§ **Work request**
Extract, in full, the lines below, beginning at the first and ending with the line that contains "HearthSong Adjustable Ergonomic". Pictures do not belong in the copy.

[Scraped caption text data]
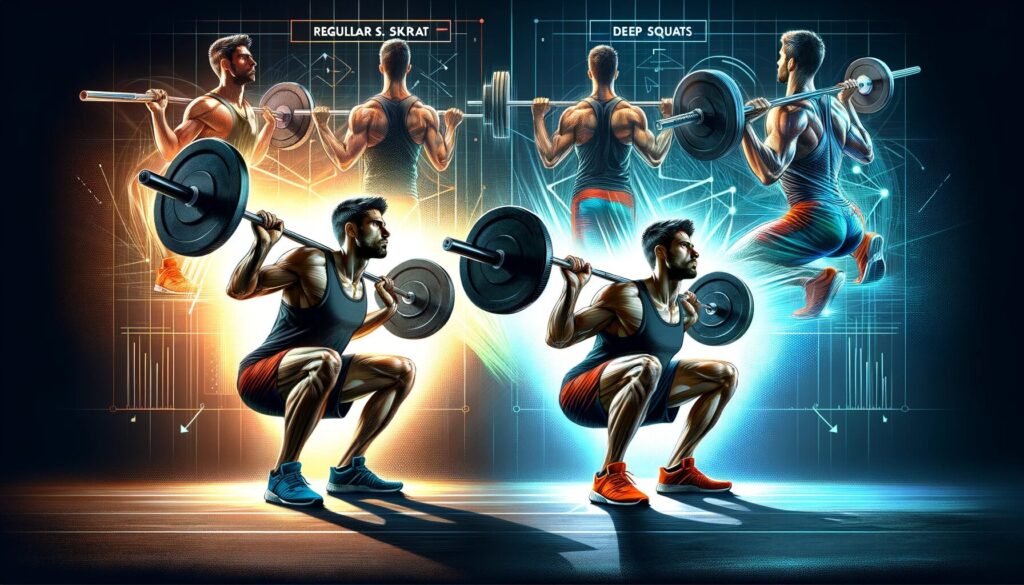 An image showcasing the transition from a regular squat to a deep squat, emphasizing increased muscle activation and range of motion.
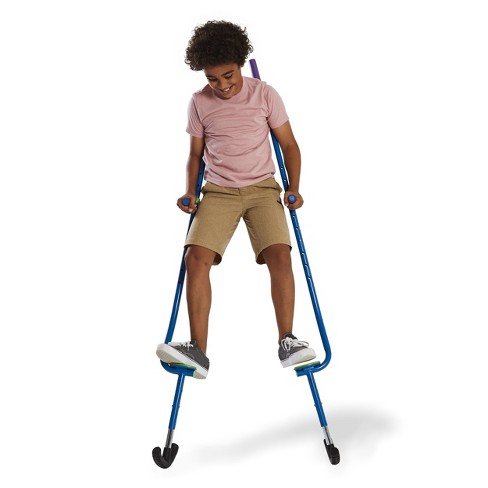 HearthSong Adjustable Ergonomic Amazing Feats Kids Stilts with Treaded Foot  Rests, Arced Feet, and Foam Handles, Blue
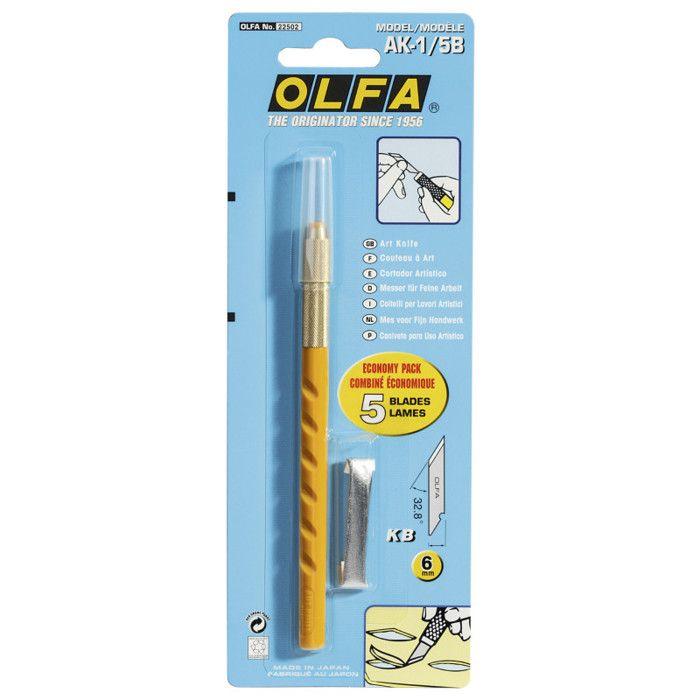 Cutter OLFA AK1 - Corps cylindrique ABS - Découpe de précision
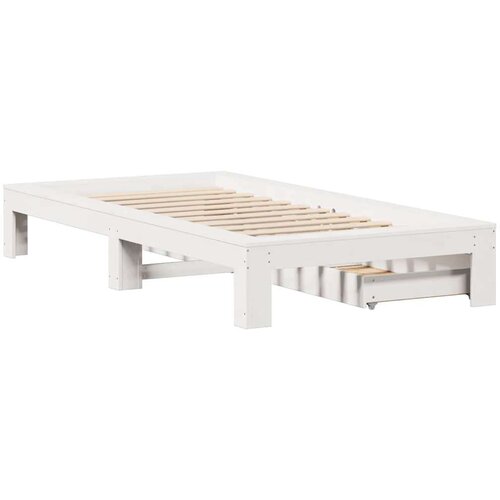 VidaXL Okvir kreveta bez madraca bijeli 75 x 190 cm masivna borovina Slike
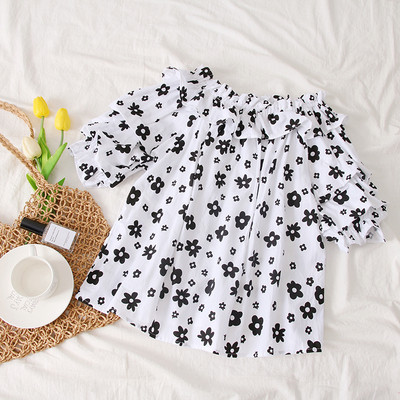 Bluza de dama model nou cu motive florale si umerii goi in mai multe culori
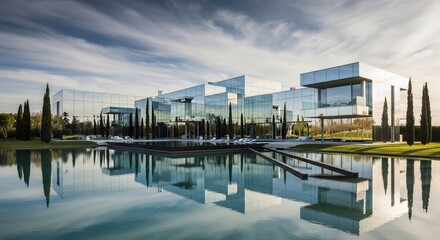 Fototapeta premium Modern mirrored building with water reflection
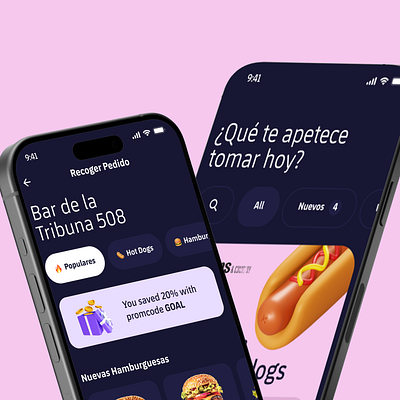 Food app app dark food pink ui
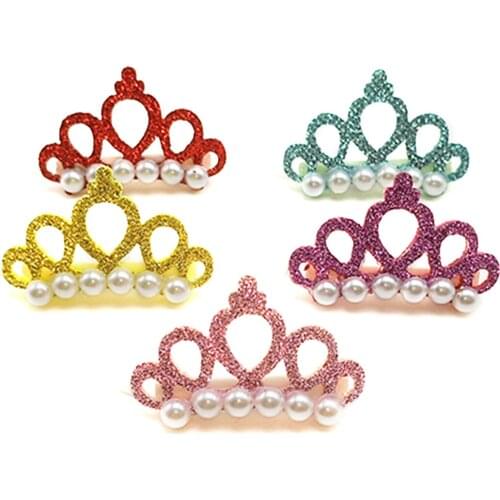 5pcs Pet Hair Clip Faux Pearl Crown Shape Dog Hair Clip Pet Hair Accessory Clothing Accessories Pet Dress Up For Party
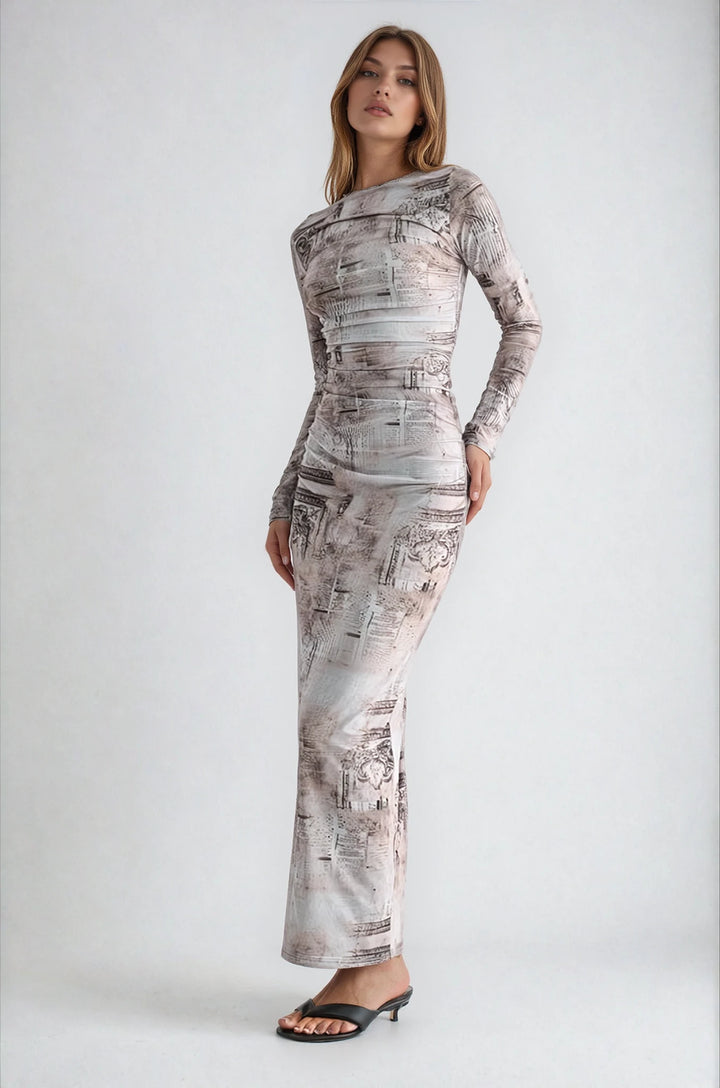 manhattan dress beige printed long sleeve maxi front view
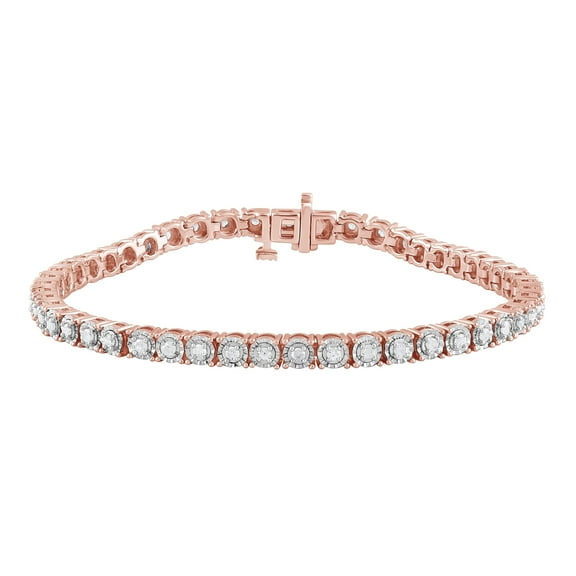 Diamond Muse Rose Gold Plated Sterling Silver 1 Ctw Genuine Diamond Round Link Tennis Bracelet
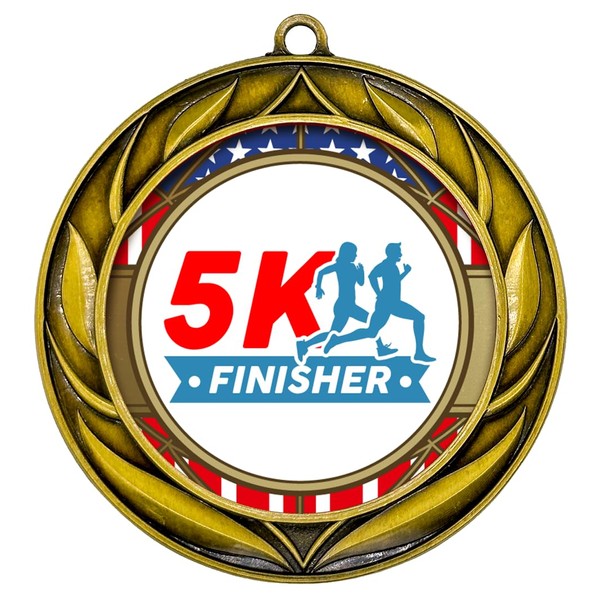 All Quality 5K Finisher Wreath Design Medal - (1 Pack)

§ **Solution for this problem**
 An image showcasing the transition from a regular squat to a deep squat, emphasizing increased muscle activation and range of motion.
 HearthSong Adjustable Ergonomic Amazing Feats Kids Stilts with Treaded Foot  Rests, Arced Feet, and Foam Handles, Blue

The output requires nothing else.